* DIRECTIONS
From the listing below, restate word for word the lines from the line containing "Форма для выпекания" down through the line containing "AOC G1 27G15N2". Exclude pictures.

BEGIN ENTRIES PROVIDED

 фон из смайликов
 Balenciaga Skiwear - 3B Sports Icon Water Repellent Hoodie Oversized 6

END ENTRIES PROVIDED
BEGIN ENTRIES PROVIDED

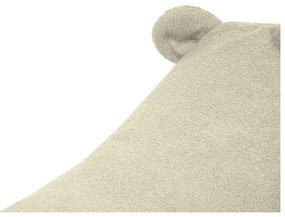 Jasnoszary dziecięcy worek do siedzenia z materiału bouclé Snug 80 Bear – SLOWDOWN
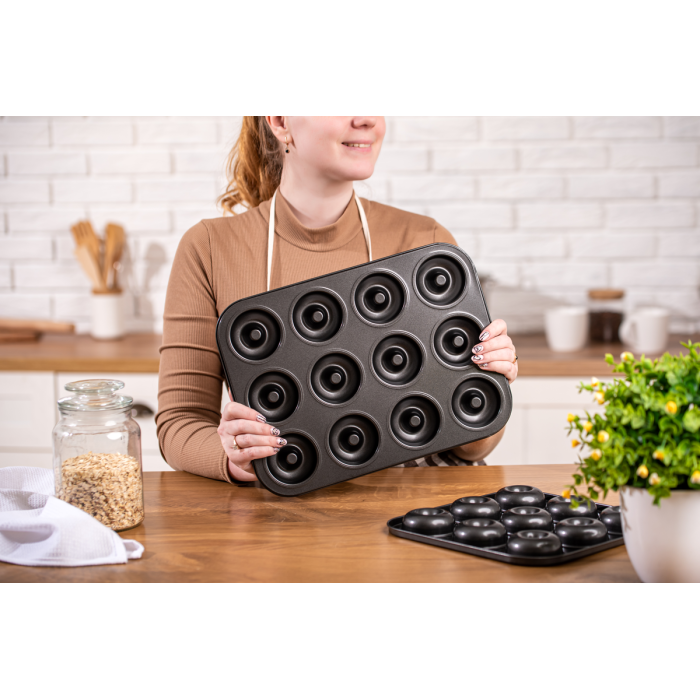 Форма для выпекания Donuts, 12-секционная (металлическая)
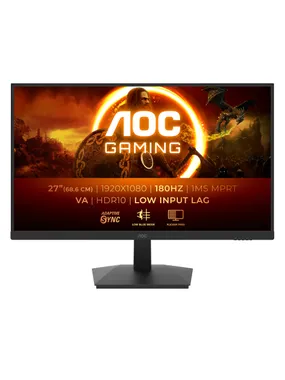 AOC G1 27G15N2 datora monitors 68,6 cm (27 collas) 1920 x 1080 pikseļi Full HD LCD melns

END ENTRIES PROVIDED
BEGIN ENTRIES PROVIDED

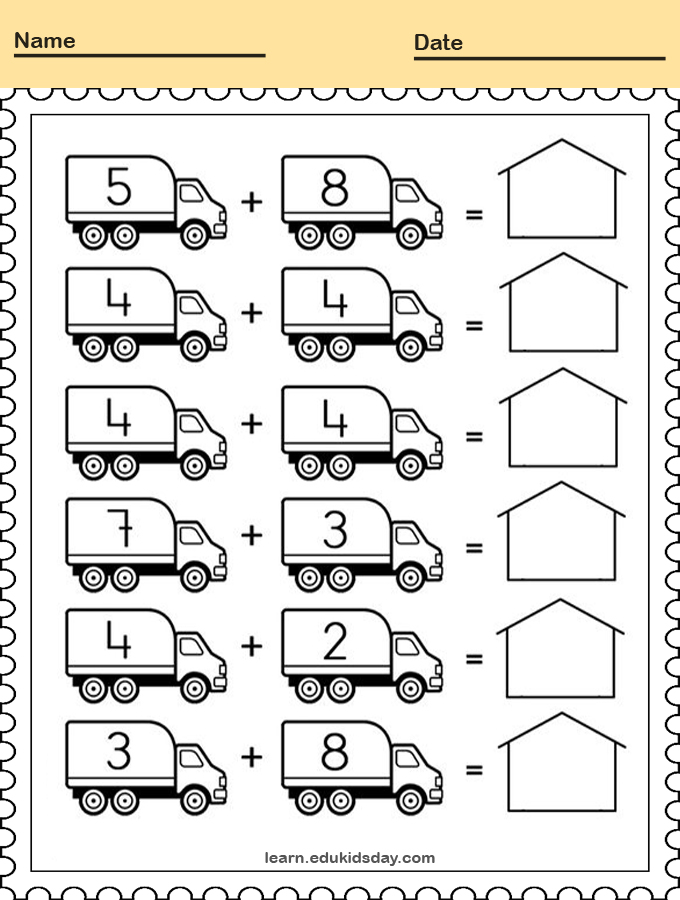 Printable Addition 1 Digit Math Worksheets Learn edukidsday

END ENTRIES PROVIDED

* SOLUTION BELOW
 Форма для выпекания Donuts, 12-секционная (металлическая)
 AOC G1 27G15N2 datora monitors 68,6 cm (27 collas) 1920 x 1080 pikseļi Full HD LCD melns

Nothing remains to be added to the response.